What had been unclear until now, is whether or not a landlord could make a tenant pay for the cost to have the carpet professionally cleaned upon vacating and to include such a provision in the rental agreement.  I have personally experienced both courts that held that a landlord could charge a tenant for professional carpet cleaning and others that would not.  Additionally, some judges and court commissioners felt that including a provision in a residential rental agreement requiring a tenant to pay to have the carpeting professionally cleaned upon vacating renders the rental agreement void.

Wisconsin landlords are now on solid ground in knowing that they can require a tenant to pay to have the carpets professionally cleaned upon vacating and that they can include such a provision in their rental agreement.

The key questions and answers from the formal opinion are set forth below:

QUESTION 1:  Based on current law, does routine carpet cleaning at the end of a tenancy fall within the landlord’s duty to keep the premises “in a reasonable state of repair” as prescribed by Wis. Stats. sec. 704.07(2)?

ANSWER:  No, a landlord’s duty to keep the premises in a reasonable state of repair does not encompass routine carpet cleaning.

QUESTION 2:  Would a provision requiring the tenant to pay for professional carpet cleaning, in the absence of negligence or improper use by the tenant, render a rental agreement void under Wis. Stats. sec. 704.44(8)?

ANSWER:  No, because routine carpet cleaning is not a statutorily-imposed obligation of a landlord, assigning this responsibility to a tenant through a contractual provision does not render a rental agreement void.

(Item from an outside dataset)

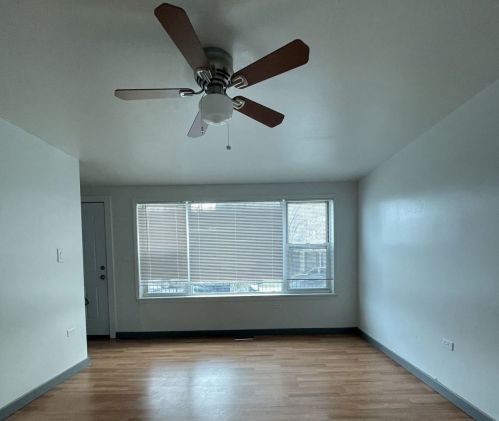 316 42nd Pl, Chicago, IL 60609-2818
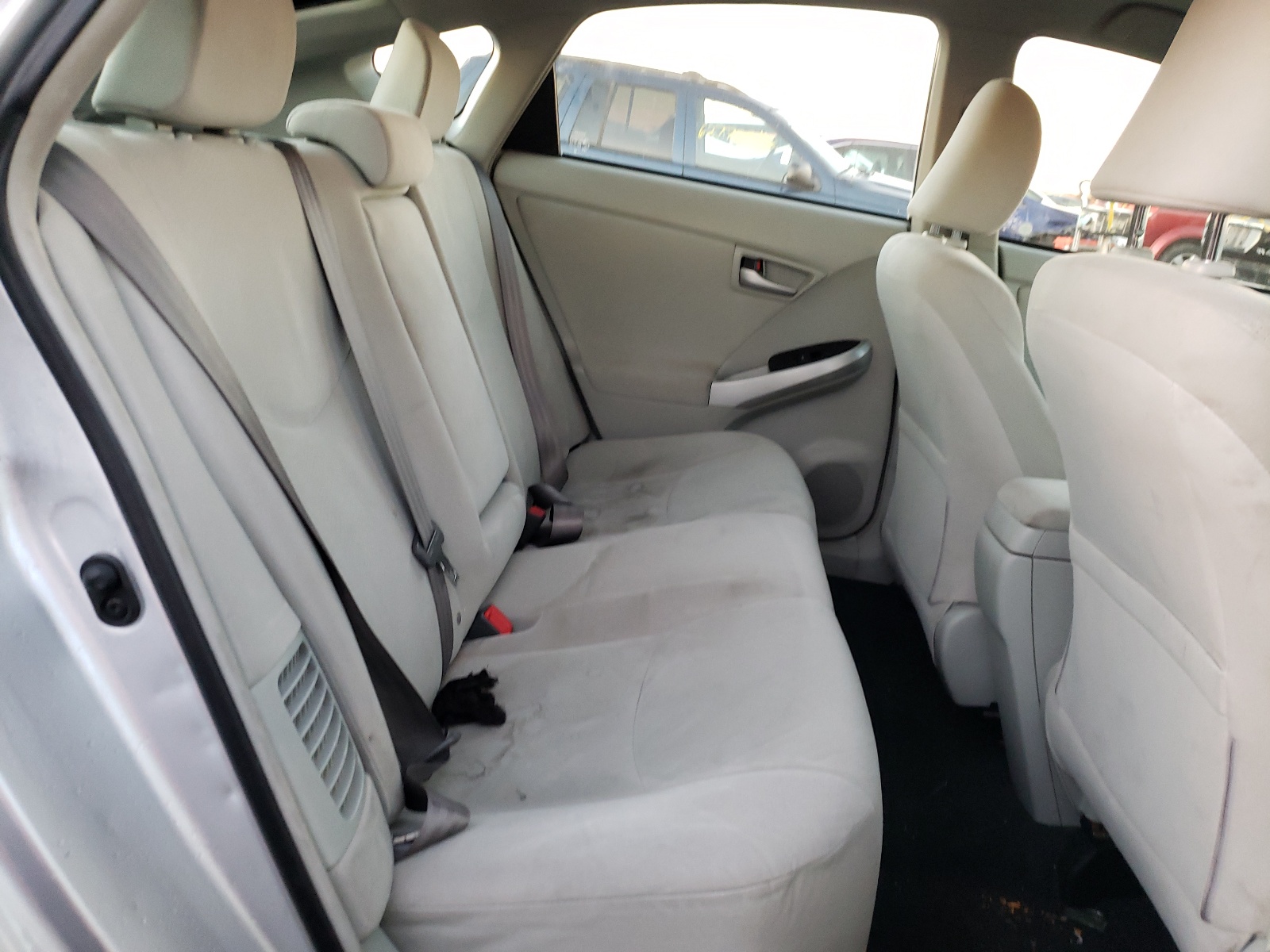 صورة رقم 6 من المزاد - 2013 TOYOTA PRIUS مع VIN JTDKN3DU7D0339854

In its analysis, the Attorney General states that the key issue upon which the answer hinged was whether or not routine carpet cleaning falls under one of the statutorily prescribed obligations of a landlord.  If it does, then the law clearly would prevent a landlord from assigning that obligation to a tenant.  If not, then a landlord could legally assign the obligation to have the carpets professionally cleaned to a tenant.

Under Wisconsin law a landlord is statutorily required to keep a rental unit in a “reasonable state of repair” and such repairs cannot be assigned to a tenant as a result.  Routine carpet cleaning however is not considered to be a “repair” as a repair typically involves fixing something that is broken.  A carpet that is dirty and needs to be cleaned is not in need of “repair.”

The AG’s analysis then points out that the landlord-tenant statutes do not assign cleaning responsibilities to either the landlord or the tenant.  As such, the parties are free to assign the responsibilities for cleaning in the rental agreement.  Which therefore means that a landlord can require a tenant to pay to have the carpets cleaned if it is in the rental agreement.

Please note however, that while the Attorney General’s legal opinion does allow a landlord to charge a tenant for the costs of having the carpets professionally cleaned, it still does NOT allow a landlord to deduct those costs from the tenant’s security deposit (even if you put such a clause in your Nonstandard Rental Provisions).  So if the tenant doesn’t pay for the carpet cleaning as agreed to in the rental agreement a landlord’s only recourse will be to sue the ex-tenant for the costs.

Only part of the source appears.